— Directions for this task —
Copy out only the lines running from the one that contains "Tenways CGO800S | 2023 - UNIQUE - 6634KM" through the end of the listing. Pictures stay out.

(Record excerpts begins)

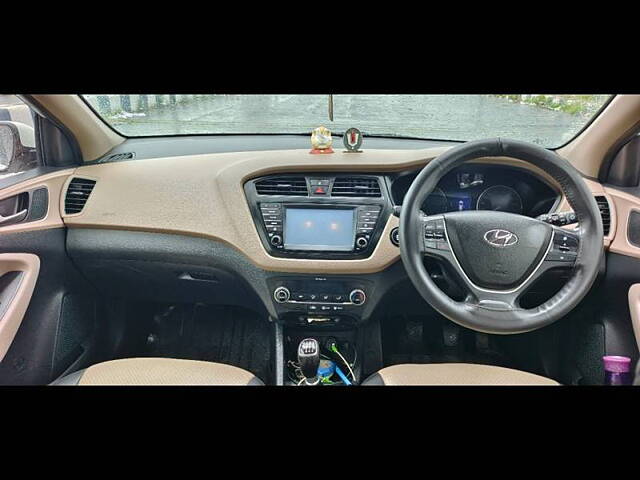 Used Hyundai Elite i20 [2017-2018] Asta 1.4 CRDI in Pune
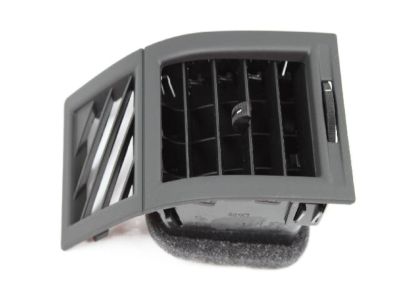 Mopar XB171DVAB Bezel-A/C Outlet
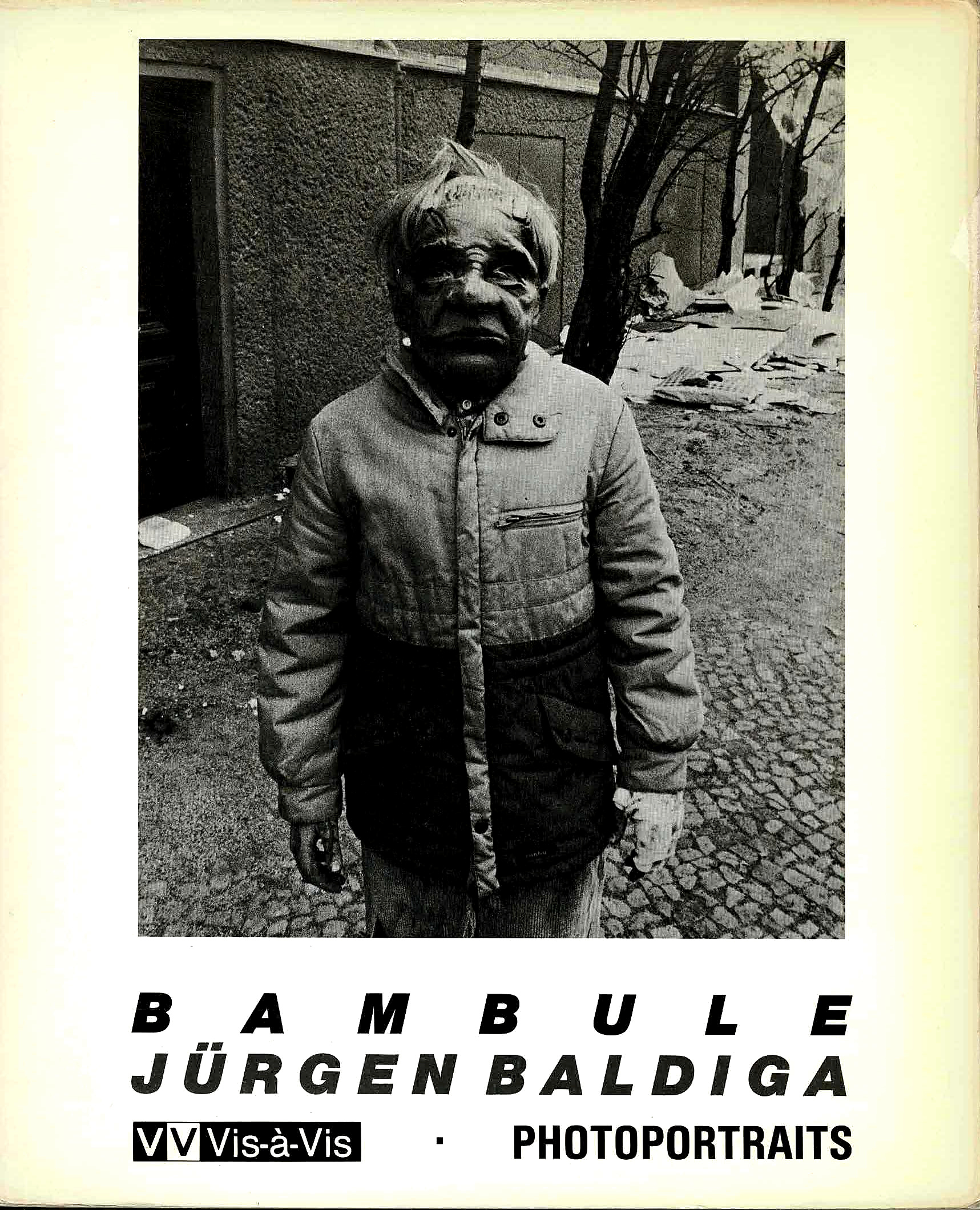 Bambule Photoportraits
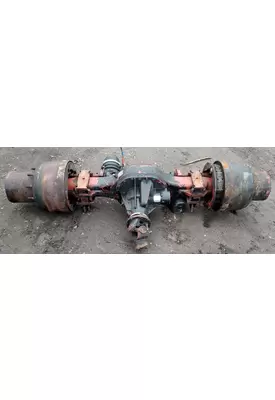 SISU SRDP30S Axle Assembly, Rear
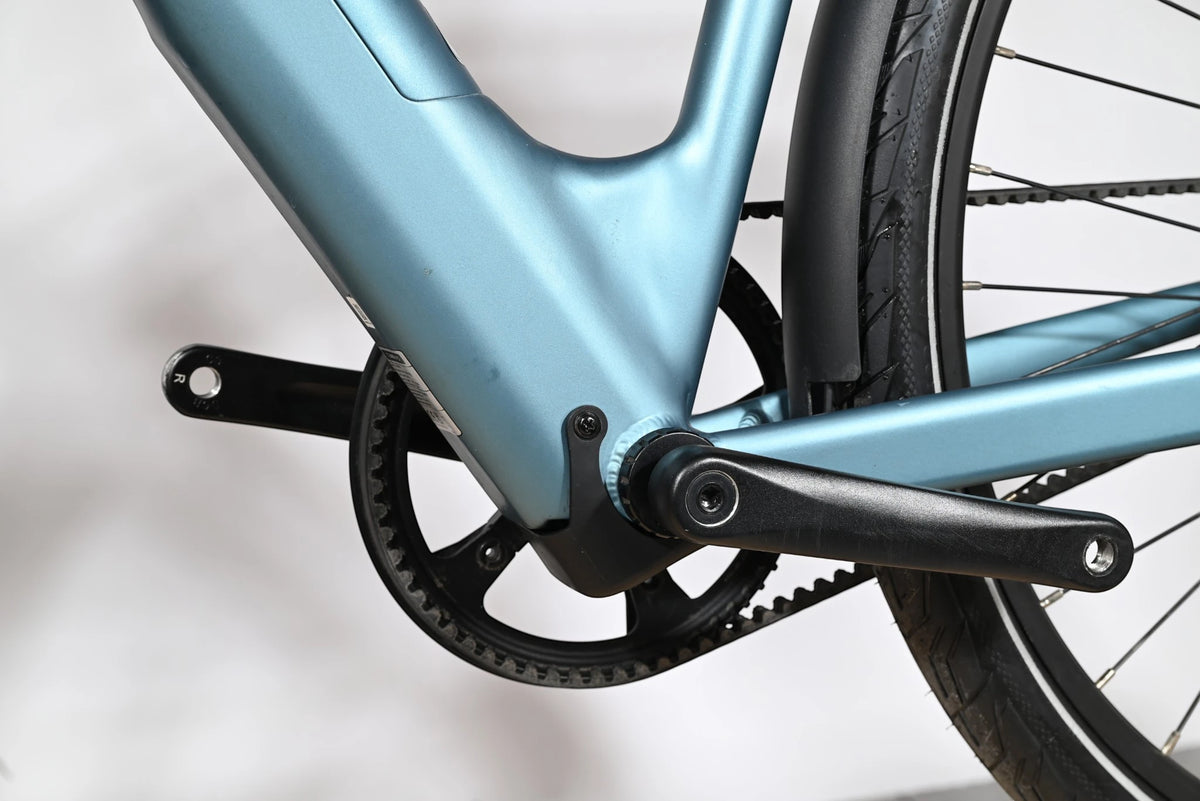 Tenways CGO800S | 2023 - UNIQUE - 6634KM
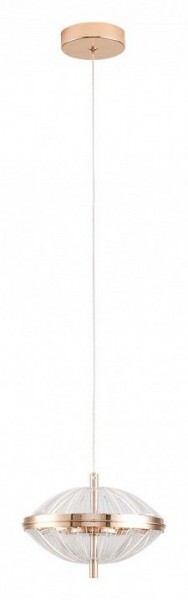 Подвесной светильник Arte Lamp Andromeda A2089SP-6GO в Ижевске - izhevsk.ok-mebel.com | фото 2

(Record excerpts ends)

— Expected answer —
 Tenways CGO800S | 2023 - UNIQUE - 6634KM
 Подвесной светильник Arte Lamp Andromeda A2089SP-6GO в Ижевске - izhevsk.ok-mebel.com | фото 2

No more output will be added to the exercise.